▶ Exercise directions
For the entries below, print exactly the lines between the line holding "V neckline High" and the line holding "Elegante Moderno Cartão", inclusive, and nothing else.

▶ Supplied entries

◆ ◆ ◆ ◆ ◆ ◆ ◆

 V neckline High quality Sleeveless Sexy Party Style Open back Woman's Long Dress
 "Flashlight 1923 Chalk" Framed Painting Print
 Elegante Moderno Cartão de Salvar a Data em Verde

◆ ◆ ◆ ◆ ◆ ◆ ◆

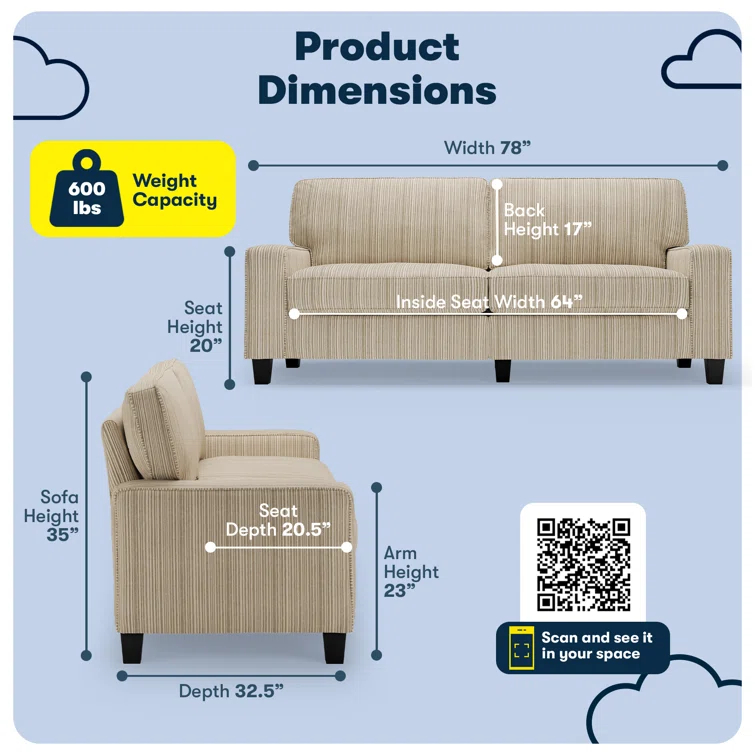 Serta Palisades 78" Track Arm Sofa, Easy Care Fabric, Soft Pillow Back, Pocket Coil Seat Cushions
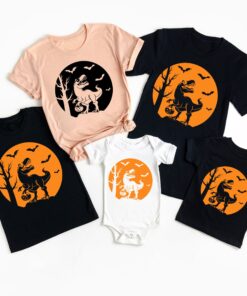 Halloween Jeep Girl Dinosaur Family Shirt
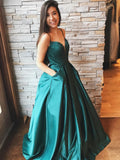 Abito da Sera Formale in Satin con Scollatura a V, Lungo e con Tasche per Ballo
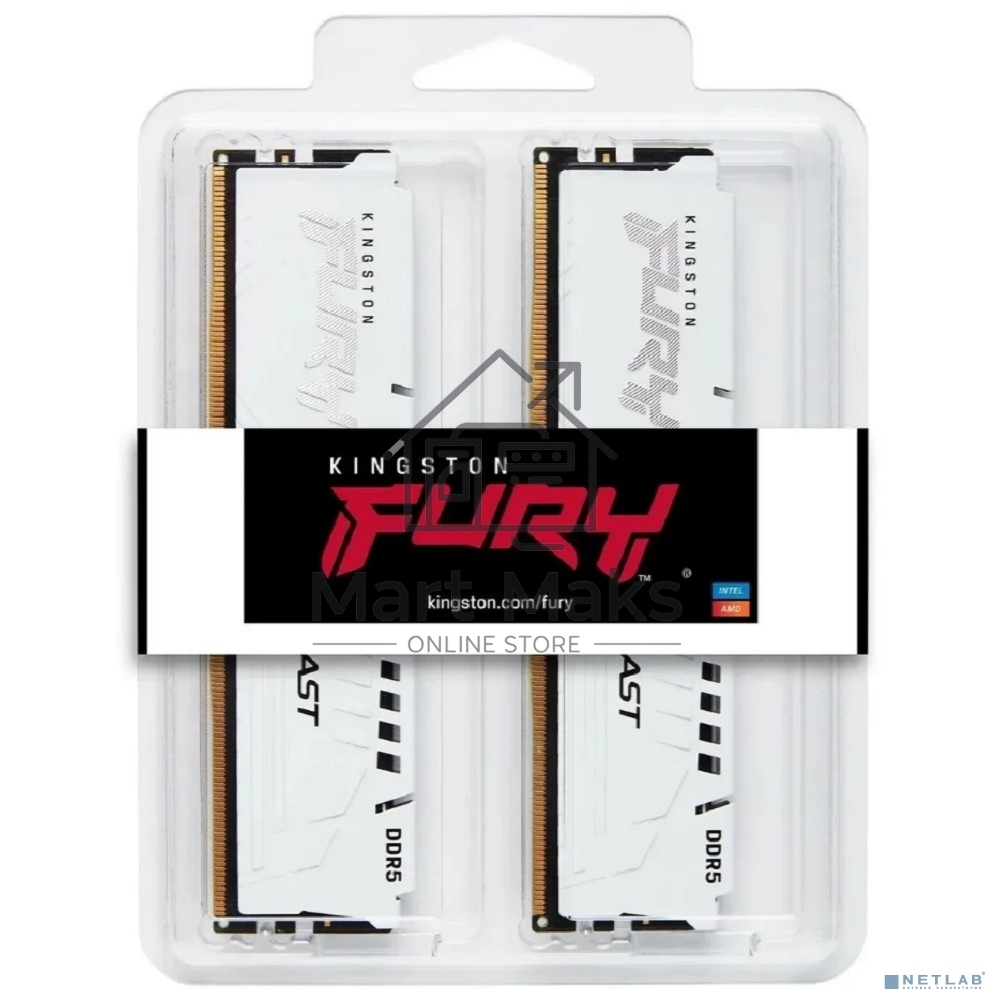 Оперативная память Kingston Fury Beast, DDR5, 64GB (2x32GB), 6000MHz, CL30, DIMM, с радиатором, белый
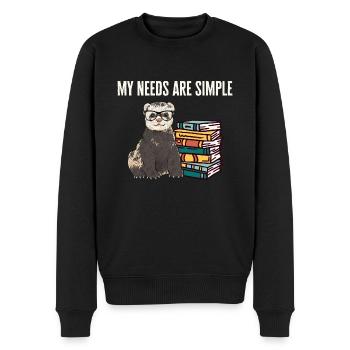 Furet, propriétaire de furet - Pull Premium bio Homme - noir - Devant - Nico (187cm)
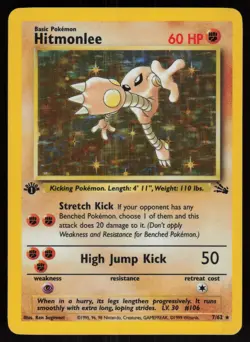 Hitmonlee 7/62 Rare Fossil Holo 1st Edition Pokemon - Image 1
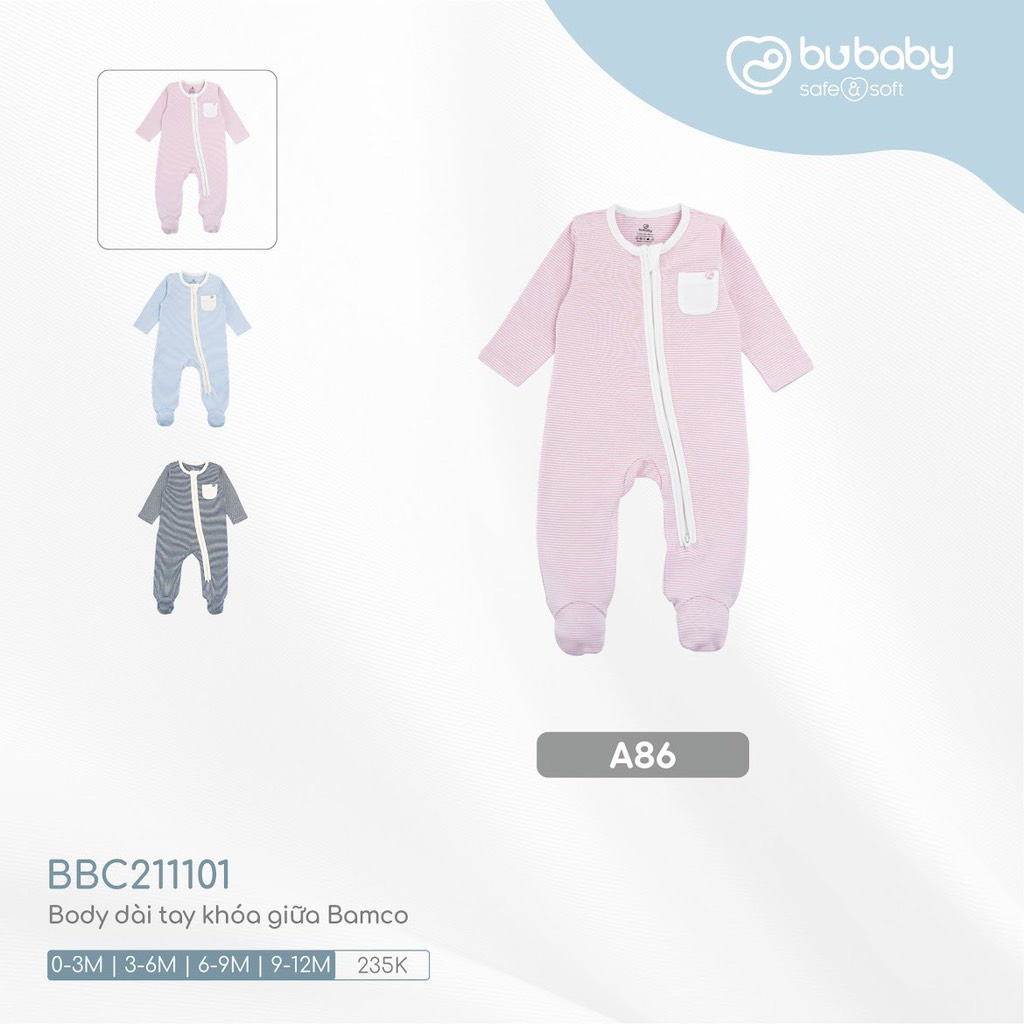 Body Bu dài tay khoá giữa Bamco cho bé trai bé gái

◆ ◆ ◆ ◆ ◆ ◆ ◆

▶ Completed task
 V neckline High quality Sleeveless Sexy Party Style Open back Woman's Long Dress
 "Flashlight 1923 Chalk" Framed Painting Print
 Elegante Moderno Cartão de Salvar a Data em Verde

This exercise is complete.